According to the privacy statement, Jostens Inc., like other yearbook companies, receives personal information from schools — and then combines that data with information from other sources to validate and update their databases.
They use the data collected for myriad purposes, including creating and promoting their products — and, as stated in their privacy policy, “for other purposes permitted under this Policy except as prohibited by applicable by law.”
Digital Privacy News reached out to Jostens for comment but did not receive a response.
The broad collection and use of data by Jostens are just two ways yearbook and other companies are collecting and using data under the U.S. Family Educational Rights and Privacy Act (FERPA) directory-information exemption.

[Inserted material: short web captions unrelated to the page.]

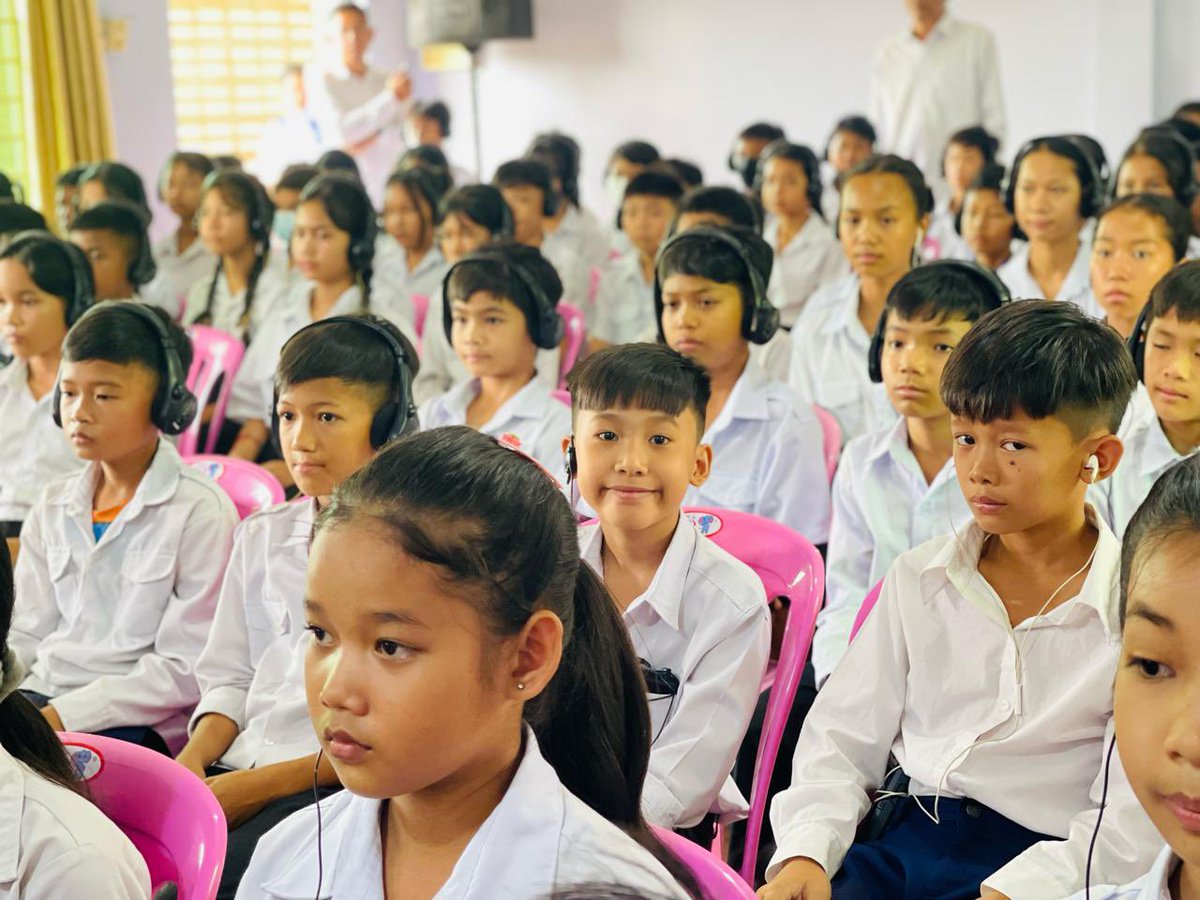 During a full two-day visit <a href="/JuttaUrpilainen/">Jutta Urpilainen</a> to 🇰🇭 , European Commissioner for International Partnerships, engaged government, business, civil society, youth and children to deepen our partnership with Cambodia (1/6)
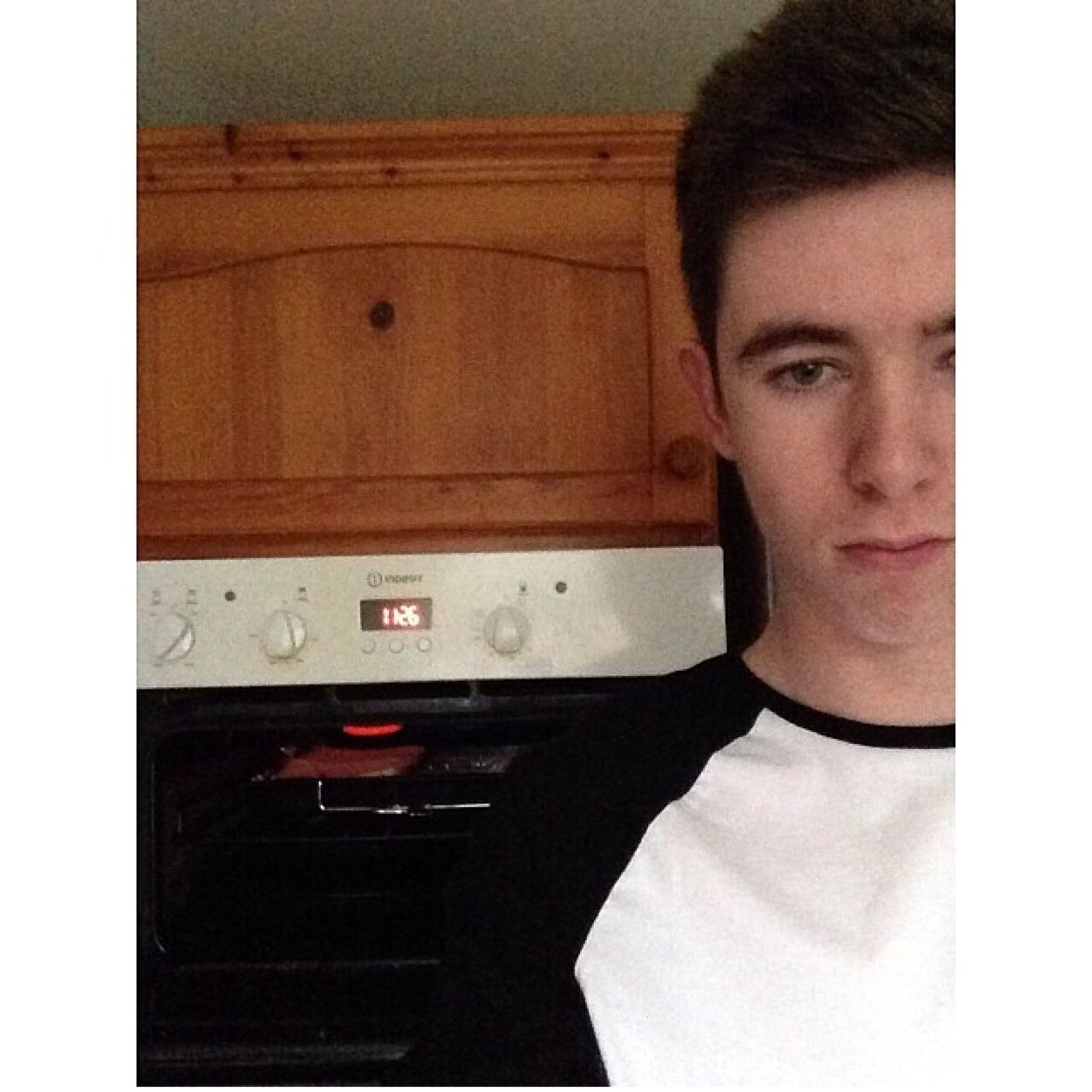 Waako17's profile picture. 18 - Karting, Skating, Sketchiest kid alive.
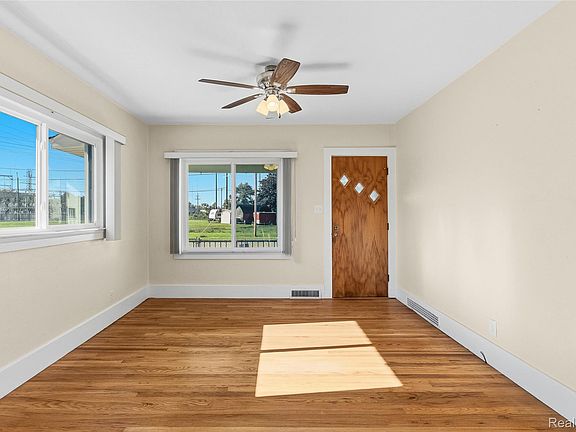 5th image of 4609 Pengelly Rd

FERPA, the 1974 law that governs student information, includes an exemption that allows schools to identify data as “directory information.”
That material then can be disclosed to outside organizations without explicit permission from parents or students.

— Cheri Kiesecker, Parent Coalition for Student Privacy, Colorado.
Photographs, Too
Under FERPA, images and photos are personally identifiable information that could be included as directory information. Photographs are a common disclosure, said LeRoy Rooker, senior fellow with the American Association of Collegiate Registrars and Admissions Officers, because they could be used for a school annual or sporting event.
However, a new World Privacy Forum (WPF) report shed light on concerns related to how photos and other pieces of identifiable information that can be released under directory information may be made available and used.
According to a U.S. Department of Education spokesperson, “Congress included the directory-information exception under FERPA to allow schools to make disclosures of the type of information not generally considered harmful or an invasion of privacy, such as information that would normally be found in a school yearbook or directory.”
The WPF report, released last month, raised concerns with how yearbook companies were using student data after obtaining it from school systems.
For example, yearbooks have been using facial-recognition technology to search old yearbooks, and some are using this technology with current student photographs.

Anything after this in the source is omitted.